MLB: Baltimore Orioles at Seattle Mariners Jennifer Buchanan-USA TODAY Sports

After a sleepy loss to the Orioles yesterday, in which Baltimore played arguably the best game they’ve played all season defensively, the Mariners reasserted themselves against the cellar-dwelling O’s with a dominant 13-3 win. In the game thread, Zach noted that J.P. Crawford and Mallex Smith had a rough go of it in yesterday’s loss, with just one hit between the two of them. Today the pair bounced back to combine for six hits, one walk and no strikeouts, with five RBI. The heavy lifting was done by Crawford, who had his best game as a Mariner thus far: four hits, including a home run, four RBI, and some sparkling defensive plays.

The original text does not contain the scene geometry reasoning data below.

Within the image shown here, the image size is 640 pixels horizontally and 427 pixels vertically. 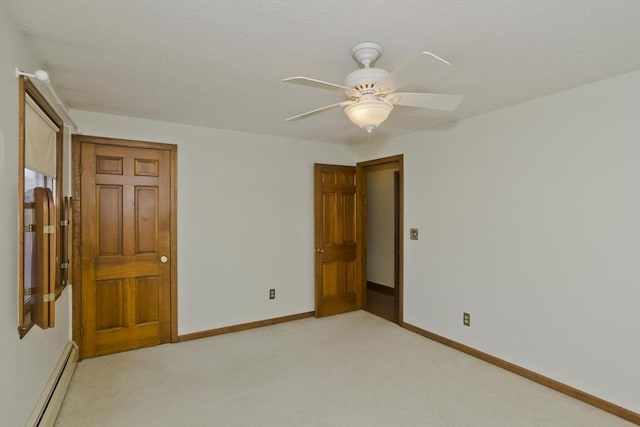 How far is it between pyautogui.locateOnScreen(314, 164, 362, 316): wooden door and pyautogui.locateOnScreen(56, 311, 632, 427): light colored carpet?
0.93m

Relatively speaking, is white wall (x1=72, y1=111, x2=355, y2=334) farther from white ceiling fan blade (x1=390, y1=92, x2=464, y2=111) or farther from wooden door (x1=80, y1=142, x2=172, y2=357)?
white ceiling fan blade (x1=390, y1=92, x2=464, y2=111)

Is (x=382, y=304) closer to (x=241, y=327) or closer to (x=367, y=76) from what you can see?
(x=241, y=327)

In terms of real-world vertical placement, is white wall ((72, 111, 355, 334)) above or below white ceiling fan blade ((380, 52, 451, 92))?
below

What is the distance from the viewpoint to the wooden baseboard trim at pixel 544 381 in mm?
2354

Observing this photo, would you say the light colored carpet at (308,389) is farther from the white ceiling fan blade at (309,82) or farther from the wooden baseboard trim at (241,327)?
the white ceiling fan blade at (309,82)

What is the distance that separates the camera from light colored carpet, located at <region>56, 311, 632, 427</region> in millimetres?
2324

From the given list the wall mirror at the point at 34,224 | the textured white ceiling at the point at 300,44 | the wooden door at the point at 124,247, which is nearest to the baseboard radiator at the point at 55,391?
the wooden door at the point at 124,247

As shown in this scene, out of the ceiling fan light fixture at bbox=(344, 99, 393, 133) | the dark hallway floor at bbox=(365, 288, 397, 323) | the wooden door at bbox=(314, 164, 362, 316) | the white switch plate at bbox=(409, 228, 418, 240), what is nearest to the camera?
the ceiling fan light fixture at bbox=(344, 99, 393, 133)

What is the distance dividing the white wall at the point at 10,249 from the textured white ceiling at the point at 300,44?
0.16m

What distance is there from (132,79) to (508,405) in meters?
3.60

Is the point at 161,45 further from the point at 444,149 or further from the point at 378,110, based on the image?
the point at 444,149

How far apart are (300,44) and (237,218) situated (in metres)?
2.47

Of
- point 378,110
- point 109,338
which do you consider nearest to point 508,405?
point 378,110

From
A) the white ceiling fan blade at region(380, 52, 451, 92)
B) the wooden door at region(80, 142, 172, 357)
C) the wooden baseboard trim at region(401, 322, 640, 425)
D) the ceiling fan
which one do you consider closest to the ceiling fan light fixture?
the ceiling fan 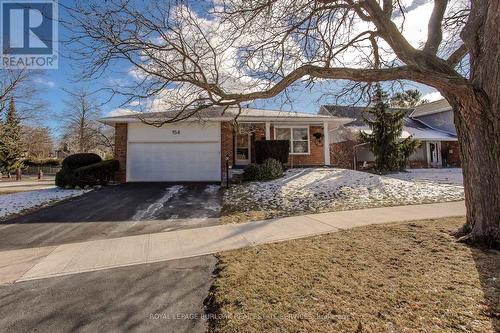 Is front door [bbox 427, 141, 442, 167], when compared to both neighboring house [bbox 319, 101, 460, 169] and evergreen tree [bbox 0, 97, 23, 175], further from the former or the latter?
evergreen tree [bbox 0, 97, 23, 175]

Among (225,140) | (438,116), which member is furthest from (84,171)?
(438,116)

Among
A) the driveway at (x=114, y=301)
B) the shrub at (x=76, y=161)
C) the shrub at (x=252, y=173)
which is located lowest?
the driveway at (x=114, y=301)

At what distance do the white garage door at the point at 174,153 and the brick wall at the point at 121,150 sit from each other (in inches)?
7.6

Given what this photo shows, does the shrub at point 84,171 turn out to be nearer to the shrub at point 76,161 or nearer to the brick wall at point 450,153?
the shrub at point 76,161

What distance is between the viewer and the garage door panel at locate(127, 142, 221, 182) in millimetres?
14258

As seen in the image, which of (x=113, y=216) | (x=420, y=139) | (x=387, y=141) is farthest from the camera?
(x=420, y=139)

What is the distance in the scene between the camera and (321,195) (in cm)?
1013

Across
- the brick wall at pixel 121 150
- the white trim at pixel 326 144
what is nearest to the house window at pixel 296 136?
the white trim at pixel 326 144

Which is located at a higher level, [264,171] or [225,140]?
[225,140]

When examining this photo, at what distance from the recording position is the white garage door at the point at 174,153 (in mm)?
14266

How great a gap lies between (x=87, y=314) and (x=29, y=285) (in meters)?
1.44

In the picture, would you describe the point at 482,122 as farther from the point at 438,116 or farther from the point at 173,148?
the point at 438,116

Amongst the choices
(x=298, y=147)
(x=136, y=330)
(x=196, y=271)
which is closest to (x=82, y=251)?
(x=196, y=271)

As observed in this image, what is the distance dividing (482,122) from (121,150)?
1409cm
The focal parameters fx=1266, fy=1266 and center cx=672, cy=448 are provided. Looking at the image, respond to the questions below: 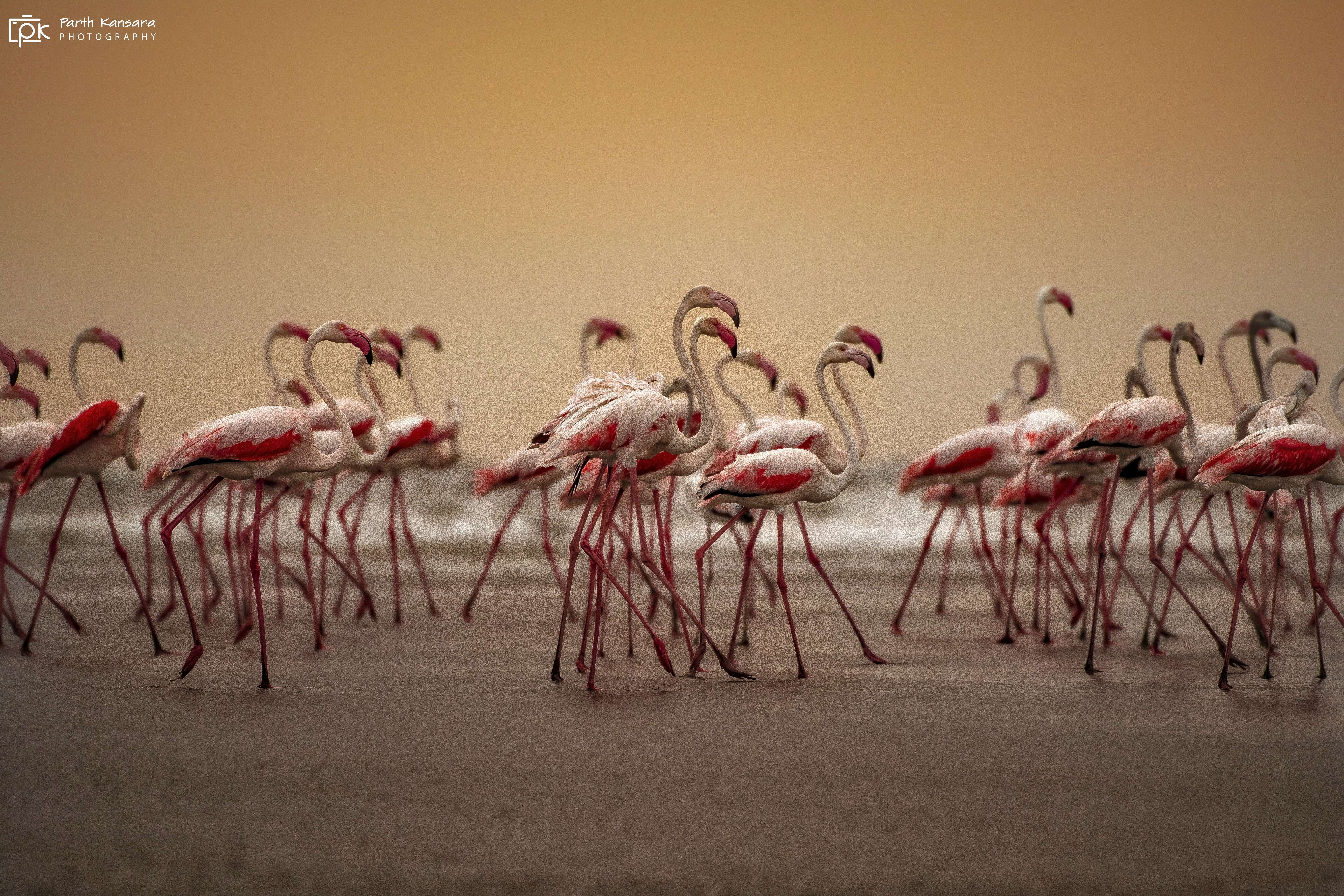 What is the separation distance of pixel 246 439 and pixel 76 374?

It’s hard to recall looking at the game chart, but there was a time when this game was close, and Crawford’s first hit came at a critical juncture. Yusei Kikuchi came out of the gates looking shaky again, needing 20 pitches to get through the first inning and giving up two walks and a homer on a hanging curve to Trey Mancini. Crawford, hitting in the two-hole today, immediately tied the game up with this shot:

The second inning wouldn’t be any better for Kikuchi, who needed almost thirty pitches and surrendered another run despite getting some help from Crawford on a slick 6-3 double play. The Mariners again rallied in their half of the inning to tie the game again, although they could have had a bigger inning if it hadn’t been Mac Williamson at the plate with the bases loaded and no outs, who grounded into a double play.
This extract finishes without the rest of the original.